We followed a trail through the trees and brush that took us over the ridge and down to the fishing village we’d spotted from the air—actually, just a few huts up on stilts. No sign of Khmer Rouge, or any other kind of trouble. There were longtail boats in the village—long, narrow, open wood canoes with propellers hanging out behind on ten-foot shafts driven by car engines. The natives were friendly. One of Sarge’s five gram pieces bought us a ride over to the mainland coast of Thailand. The boatman’s family fixed us a nice seafood dinner, included in the fare. The monsoon had temporarily quieted down, so we slept out by the beach. The next morning we piled our gear in the boat and set out.
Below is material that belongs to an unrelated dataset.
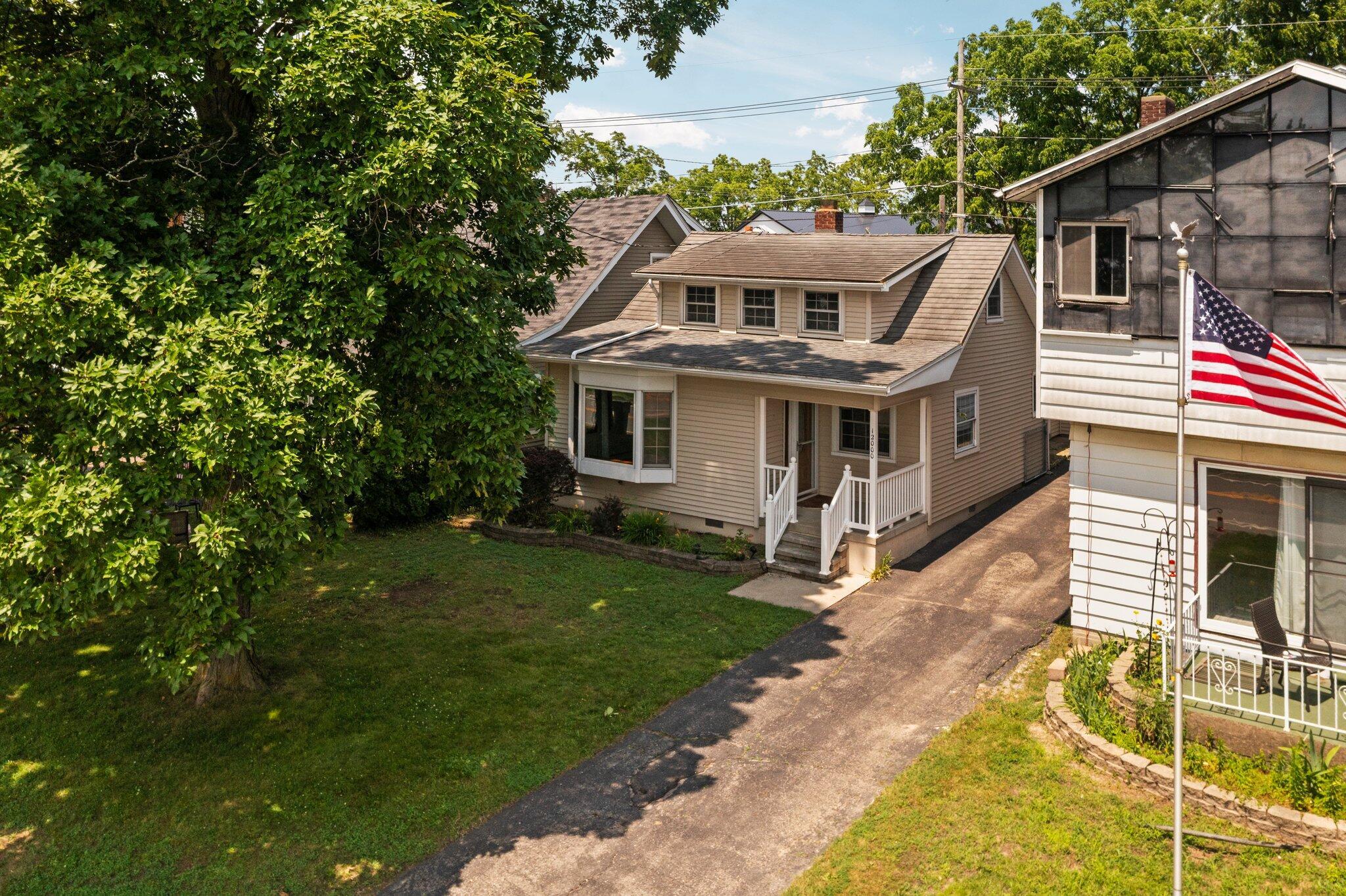 Image 4: 57-web-or-mls-DJI_0347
You’d never use a longtail boat for a sneak attack. They throw out an ear-splitting racket, but putting a muffler on the engine would spoil the fun, I suppose. The sea still carried a little chop from the monsoon, so we took some spray and got tossed around. The driver landed us up on the beach, the nose of the boat high and dry. Nobody in sight had any interest in immigration formalities. He offered to stand us for lunch, no charge, included in the service. Afterwards big smiles all around, and then he headed over to finish off his fee at the nearest bar. He’d have some ride back home.

From there it was a matter of getting ferried from one point to the next. Expensive, when the smallest change you’re carrying is five grams of gold. We sure did leave some smiling faces in our wake. The next day we reached the town of Trat, where a Chinese shop owner was happy to swap us a fistful of bhat for a twenty gram gold piece. I gathered from him that we weren’t the first folks passing through from Cambodia. As daylight faded, we climbed aboard the overnight bus for the 200 mile ride to Bangkok.

It was only after the bus pulled out of Trat that I finally could relax and put Cambodia and its dangers safely behind me. Lovely, tragic, poor little country—on that overcast May evening, while my troubles had ended, theirs were only beginning. As bad as I’d seen it, it was doomed to get worse. Saloth Sar, after changing his name to Pol Pot, emerged from a power struggle as the undisputed leader of the Khmer Rouge. They re-named the country Democratic Kampuchea, suggesting a sense of humor I hadn’t noticed they had. Pol Pot claimed it was a Marxist government, which must have had old Karl spinning in his grave. Or maybe he had the Brothers in mind.

The bad blood between Vietnam and Cambodia soon erupted into war, as Mr. Poon had predicted. But once in power, the Khmer Rouge proved to be paper tigers. Hopelessly corrupt and incompetent, they were capable only of defeating Lon Nol’s even worse regime, and of terrorizing a nation of starving, docile peasants. On Christmas Day, 1978, the Vietnamese launched a dry season blitzkrieg. With all their captured American hardware, it was a pushover. They brushed right by the government’s defenses and rolled into Phnom Penh on January 7, 1979. Their arrival almost certainly saved the Cambodian people from wholesale genocide.

Pol Pot and his claque fled the mess they’d created, taking refuge in their beloved jungles with a guerilla army. How many of their own people died at their hands through starvation, disease or outright execution on their hideous killing fields? To this day, nobody knows for sure. Estimates range between 500,000 and 2,000,000 (the latter a quarter of Cambodia’s pre-takeover population). Either figure, relative to the number of people under his control, would qualify Pol Pot as one of the bloodiest tyrants of all time. Something like 20,000 Cambodians ultimately were tortured and/or executed at Tuol Sleng school, where I first made the acquaintance of Soh Soon.